Same goes for Google. Searching "things to do in London this weekend" returns SEO mulch from sites that haven't physically been to a venue in years.

What actually works

A small, opinionated stack beats a big generic one. Mine in 2026:

  • Two or three newsletters that have stayed sharp. Caught By The River, Time Out's Friday email (still useful, despite everything), and a couple of niche ones for whatever I'm into that month.
  • One event aggregator that's honest about its sources. Rifio is what I use — partly because I write for them, mostly because the London this-week page is the only feed I've found that doesn't double-count the same Eventbrite four times.
  • One or two venues you trust to programme well. Soho Theatre, Bush Theatre, Cafe OTO, Rich Mix. If they've put their name on it, it's usually worth a look.
  • One person whose taste you trust. Honestly the most underrated discovery method. One friend with good taste beats any algorithm.

The newsletters worth subscribing to

The London newsletter scene has thinned out a bit since 2024 but the survivors are sharper. Caught By The River for outdoorsy, music-adjacent, slightly literary picks. The Londonist daily for solid mainstream coverage. Sifted's London edition if you're tech. Snackbar for food. The Skinny for fringe theatre and comedy. Two or three is the right number — six is too many and you stop reading them properly.

Use venue mailing lists, not generic alerts

The single most useful change I made was unsubscribing from every "events in London" alert and signing up to mailing lists for ten specific venues I actually like. Soho Theatre, Roundhouse, Cafe OTO, Hackney Empire, Bush Theatre, fabric, Phonox, XOYO, the Southbank Centre, the Wigmore Hall. Their emails go straight to a folder, I read them on Sunday morning, I book things. That's the loop.

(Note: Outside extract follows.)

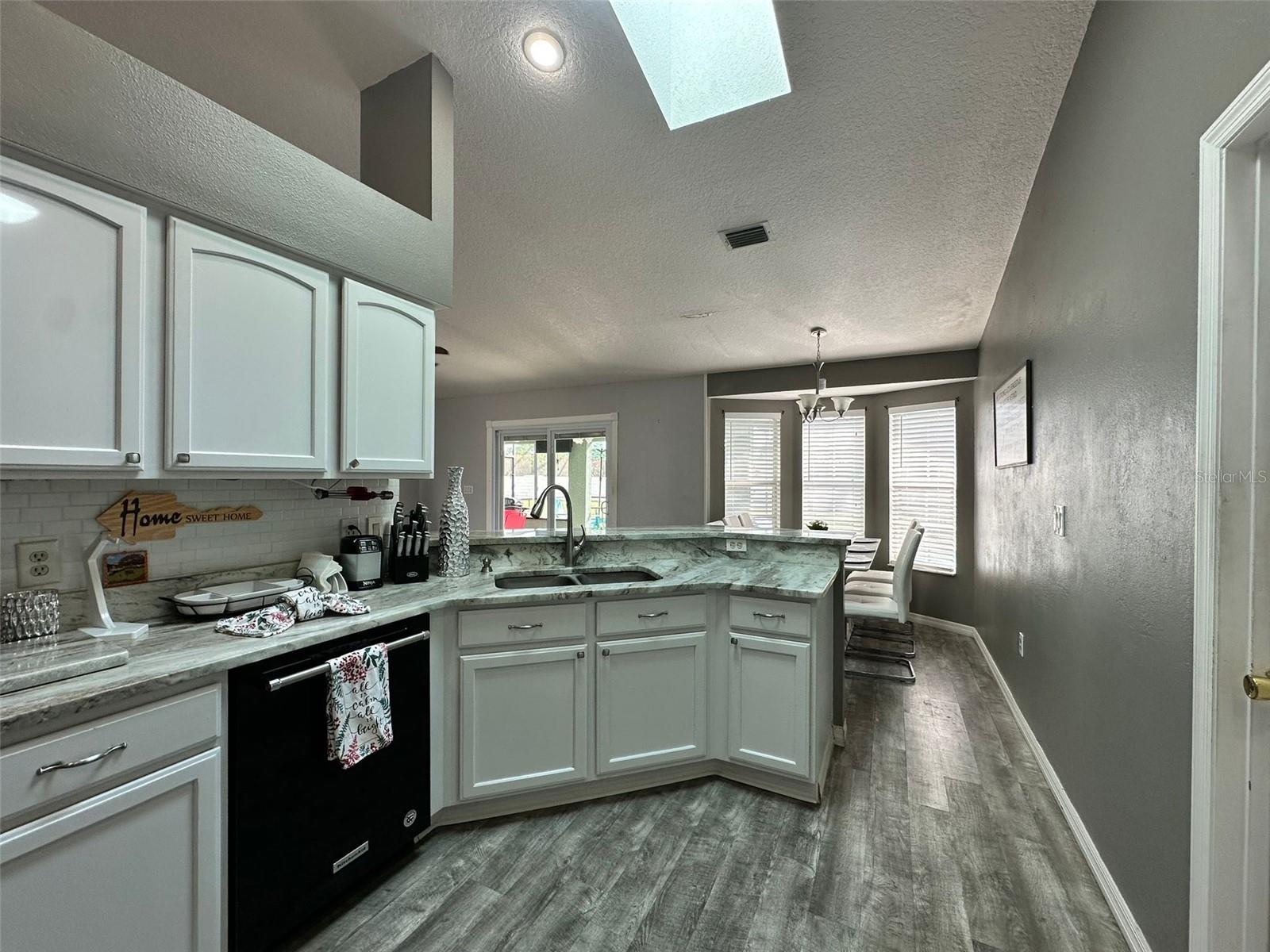 Image 20 of 40 For 2410 Sweetwater Boulevard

This is the bit that requires patience — venues you trust will programme things you wouldn't have searched for, and that's the entire point. The generic alerts only show you what you already know to want.

Eventbrite, properly

Eventbrite is unusable for browsing in 2026. The front page is paid placement and webinar slop, the search ranks events by "engagement" which means clickbait wins. But it's still useful if you use it correctly: follow the specific organisers you trust, ignore everything else. Most decent independent events still list there, you just have to come in via a direct link, not the discovery feed.

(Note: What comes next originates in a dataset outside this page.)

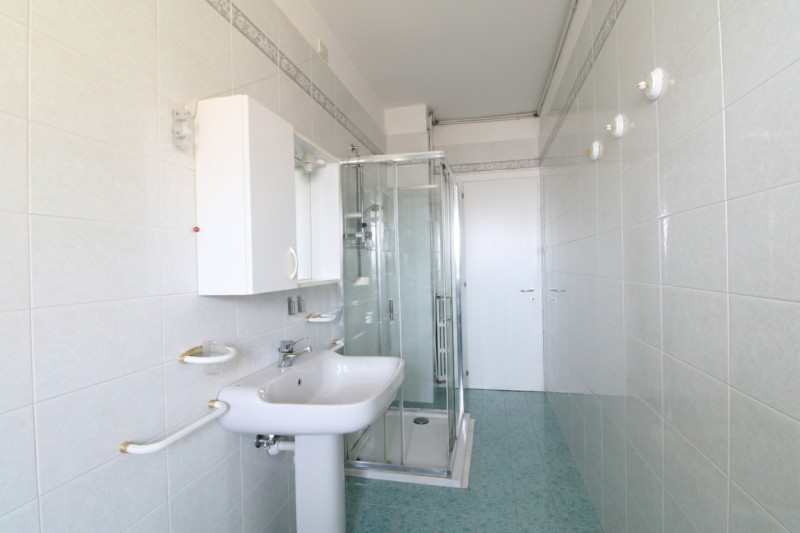 In zona centrale al paese, si propone appartamento di generose dimensioni, perfetto per famiglie ...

The free filter is worth knowing about — search any keyword, click free, sort by date, and you'll get a much cleaner list. Try "free tech meetups in London" for that pattern done properly.

Filter your week, not your year

Trying to plan a whole month of events in advance is mental. You'll cancel half of them. The thing that actually works is a Sunday-evening 20-minute scan of the week ahead, pick three things, lock them in. Anything more than three a week and you become the person who's "always at things," which is its own kind of exhausting and means you're not enjoying any of them properly.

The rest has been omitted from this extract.